You called Monday’s scene in Parliament, which resulted in yet another series of “no” votes, a “circular firing squad” and compared it to the final scene of Reservoir Dogs. You also said, on Twitter, that it was “an absolute shitting disaster of a day.” Is it fair to say you’re not optimistic?

I think it was particularly depressing because the guys who were behaving in this way were the people that I usually quite admire. If there is a solution to this, it will come through them.

Brexit is two things, right? First of all, it’s an outcome. But it’s also a process. And the outcome that Brexit takes is a fundamentally right-wing, populist culture war. It’s about putting up walls, trying to stop people coming, trying to cut yourself off to new ideas, trying to separate out your governing structure from many of the kind of international institutions that have been part of global politics since the end of the Second World War. And in that respect, from an American perspective, I would say it is like Trump’s proposed wall in sort of technocratic, grandiose form. It’s like if you made the entirety of your national politics all about building metaphorical walls.

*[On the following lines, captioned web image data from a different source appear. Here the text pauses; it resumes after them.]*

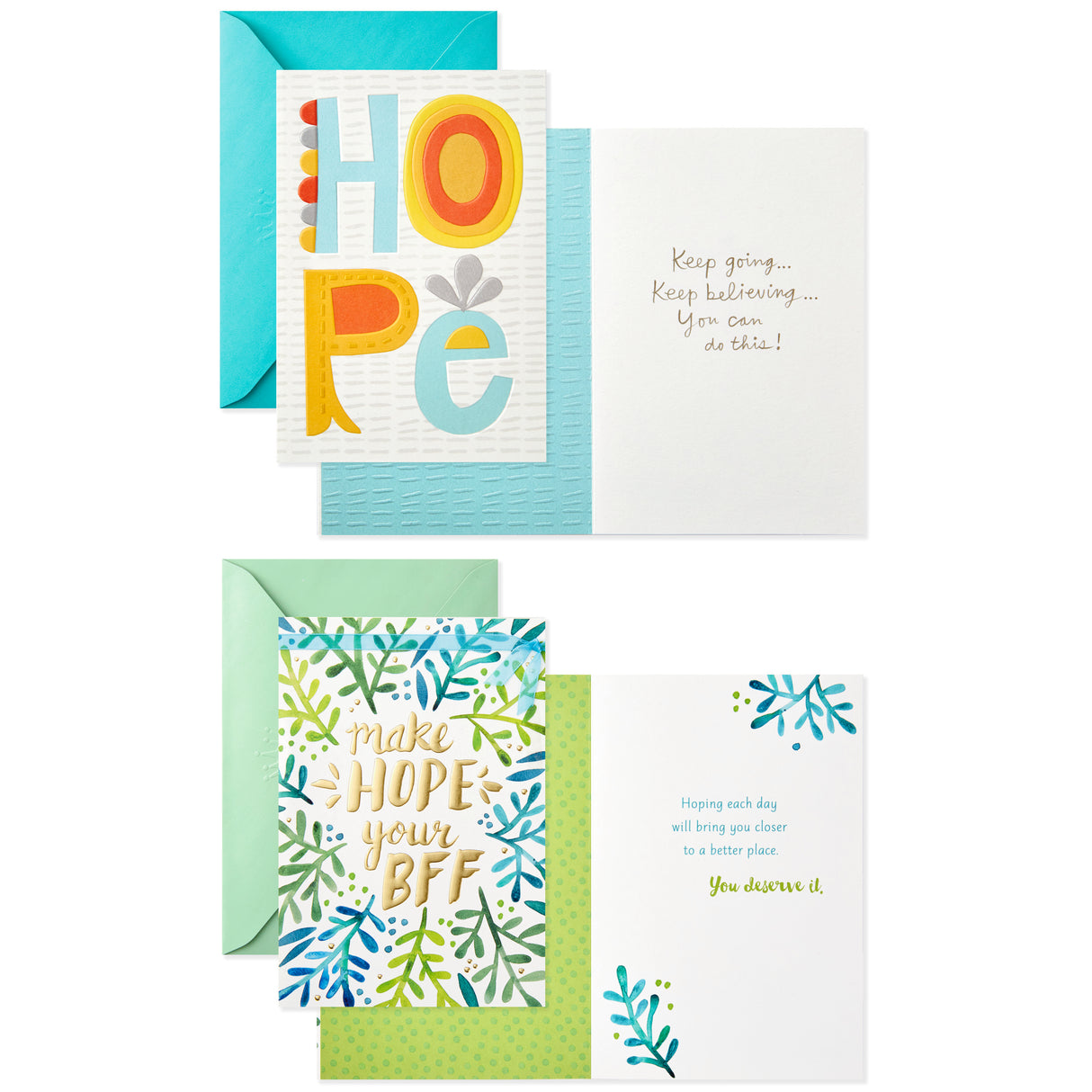 Shoebox Cancer Support Card Assortment (6 Cards with Envelopes)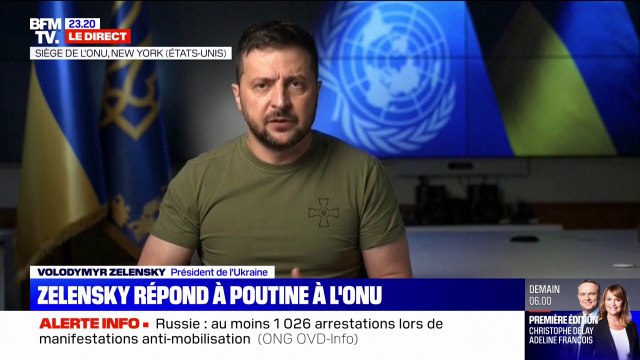 Volodymyr Zelensky: L'Ukraine veut la paix, (...) nous avons vu qui est le seul à vouloir la guerre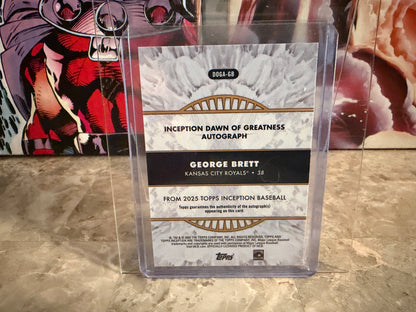 2025 Topps Inception George Brett Dawn of Greatness Auto /49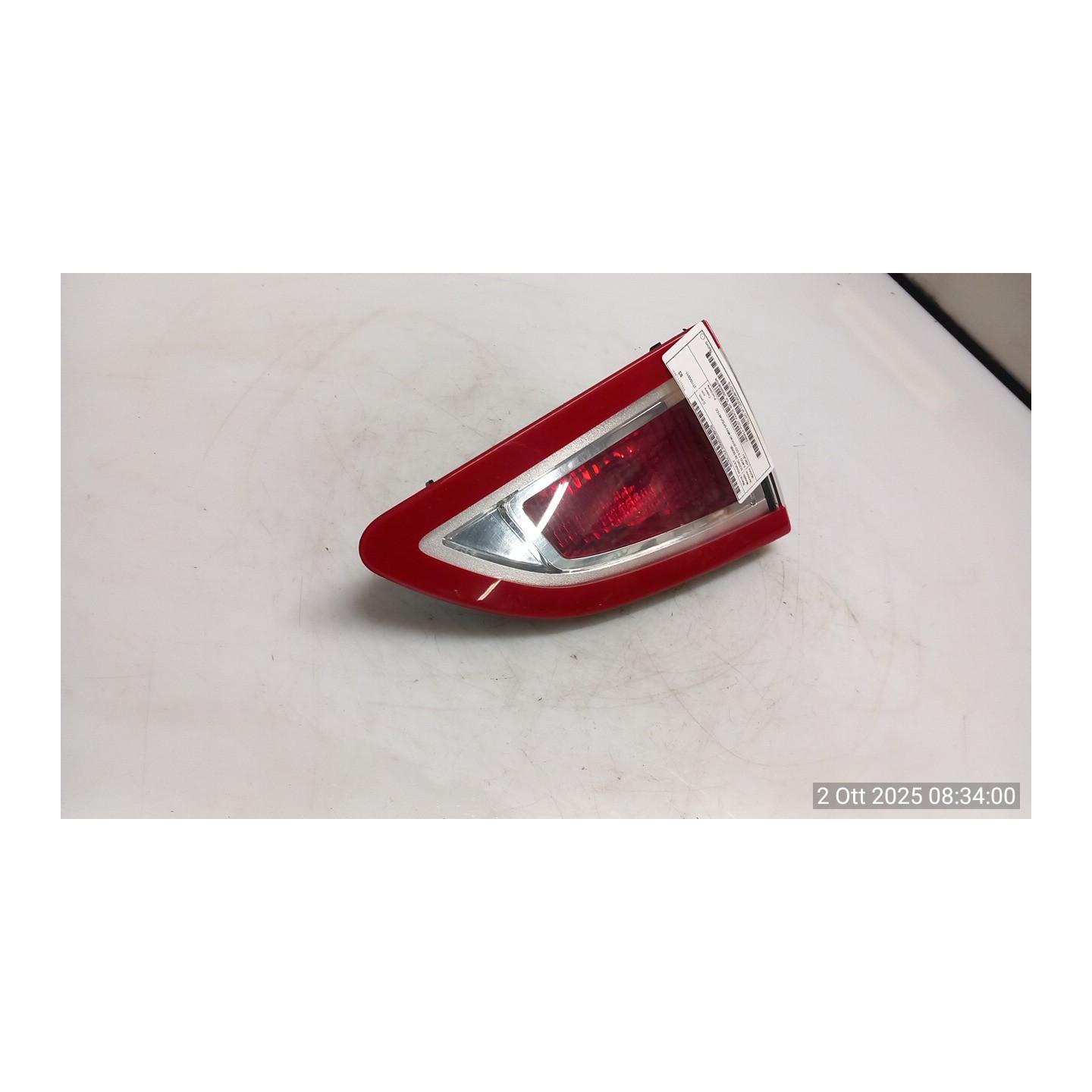 FANALE POST. PARTE INT. SX. 102 RENAULT SCENIC 3A SERIE (04/09-10/13) K9KJ8 265550018R
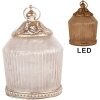 Clayre & Eef 6GL5216 LED Decoratie Ø 8x12 cm Roze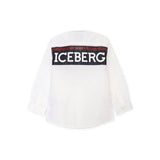 Iceberg Kids Camicia Bianca con Banda Logo per Neonati (retro)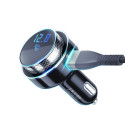 3MK HyperCar Charger FM Transmitter + car charger - 2xUSB-A + 1 TF card reader + Bluetooth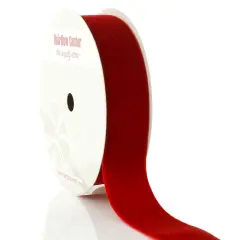 1" Velvet Ribbon (5yd & 25yd Spool Lengths) Red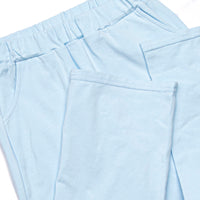 Scoop of Love Applique Pant Set, Light Blue Stripe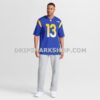 Mens Nike Kurt Warner Royal Los Angeles Rams Game Retired Player Jersey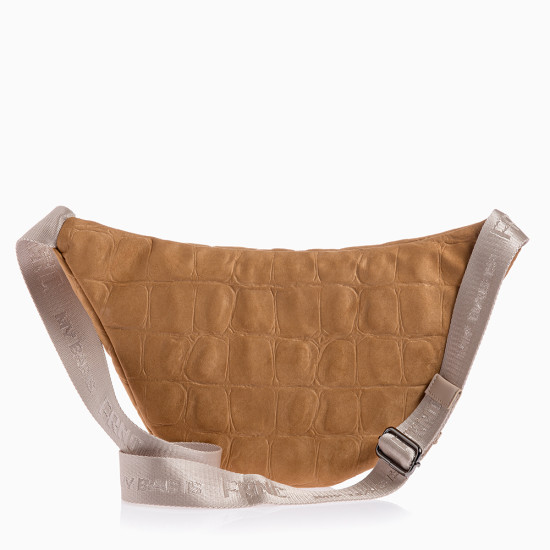 FRNC® ΓΥΝΑΙΚΕΙΑ ΤΣΑΝΤΑ NUBUCK CROCO ΜΕ ΦΟΥΝΤΑ 6131-DCU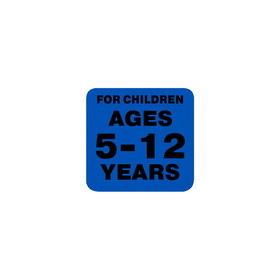 Jensen Swing Label FT - Age Group 5-12 Years Warning Label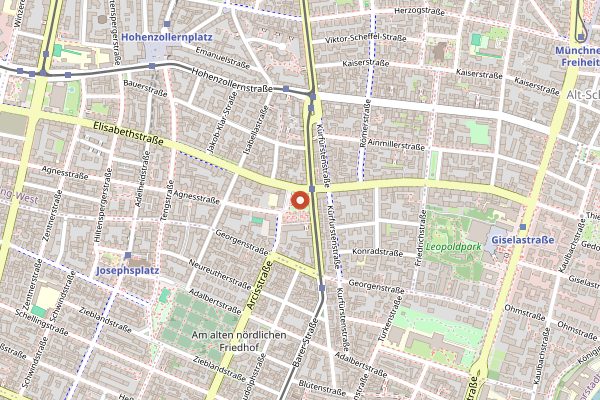 Map showing Standl 20 in Munich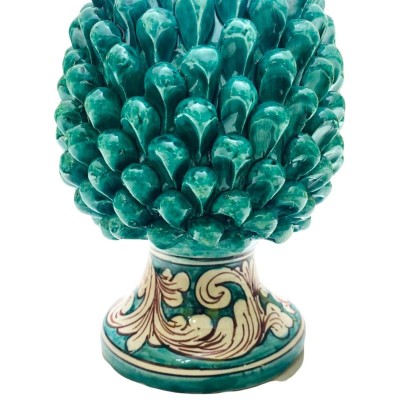 Lume Pigna Siciliana färgverderam och utsmyckad barock White - höjd ca 50 cm - 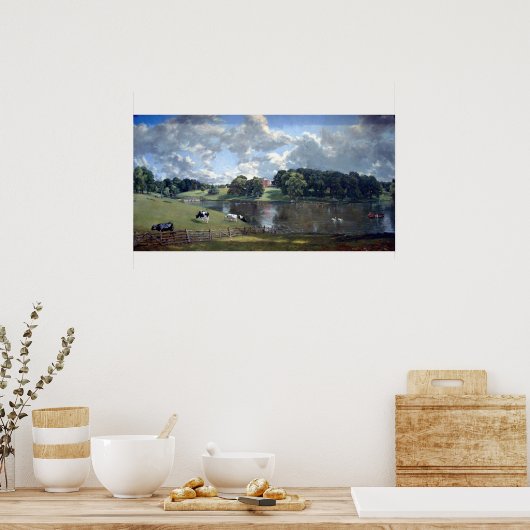 Wivenhoe Park van John Constable Poster (Keuken)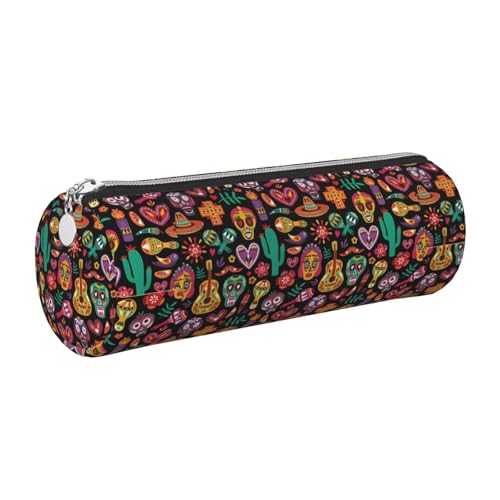 WQUVMDS Flosers and Sugar Federmäppchen mit Horror-Totenkopf-Aufdruck, dreieckiger Reißverschluss, Stiftetasche, Kosmetiktasche, Schreibwaren-Tasche, silber, Einheitsgröße, Taschen-Organizer WQUVMDS Flosers and Sugar Federmäppchen mit Horror-Totenkopf-Aufdruck, dreieckiger Reißverschluss, Stiftetasche, Kosmetiktasche, Schreibwaren-Tasche, silber, Einheitsgröße, Taschen-Organizer von WQUVMDS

But it’s also a way of looking at politics. It’s a protest. And the protest is essentially to say: There can be no compromise. So for the Brexiteers, compromise is treachery, really. There’s an idea of politics as a sort of Biblical-level event about national identity and personal identity. And so compromise is just treason. You know, Jacob Rees-Mogg is a very prominent Brexiteer. When he opposed Theresa May’s deal, he said it would turn Britain into a slave state. That is a deal, by the way, that he’s now supporting. But in his language, he never showed any moderation or nuance or subtlety at all. Everything is either a disaster, or it is the great victory of the nation, blah blah. There’s never anything about working together on moderate compromise proposals. What was depressing about Monday was that the opponents of Brexit, who wanted a different outcome — they’re liberal, they’re internationalist, they’re rationalist, evidence-based. The manner in which they seem to be behaving seems to me to be exactly the same way that the Brexiteers are acting, which is allowing the best to be the enemy of the good. They’ll only tolerate their ideal outcome.

So the soft Brexiteers, who are basically engaged in damage limitation, rather than reversal of Brexit, refuse to support the people who are trying to reverse the result. The People’s Vote guys were engaged in reversal, rather than damage limitation, and refused to support soft Brexiteers. Now, those positions are complementary. You can, and I do, support them both. And yet they were unable to work together, because they seem to have started to behave in the same kind of puritanical manner of their political opponents.

The lack of compromise, the demonization … this is all pretty familiar territory for American politics in recent decades.

We’re in just as bad a position as you guys, but we seem to have suddenly gotten there over the last three years. We caught up.

It’s nice to have someone else feel our pain. I know predictions are a fool’s game with Brexit, but the deadline is ticking downward to April 12th, which is the current date when the U.K. is supposed to leave. It seems like a no-deal Brexit is likelier than it’s ever been. Do you think that’s the path we’re headed toward?

Nobody knows. I still think the most likely outcome is either May’s deal passing or a longer extension of Article 50, probably to the end of the year or to March of next year — the two sort of fudge-y, extension-y, less dramatic options. The more dramatic ones, though, are no deal, as you say, or revocation of Article 50. Revocation, to me, is just as likely as no deal.

The E.U. has made it clear for about the 20th time that the only deal they’ll approve is the one that May negotiated. And now there’s another vote scheduled on that deal later this week, even though it has failed three times before. Is there any chance this time will be different?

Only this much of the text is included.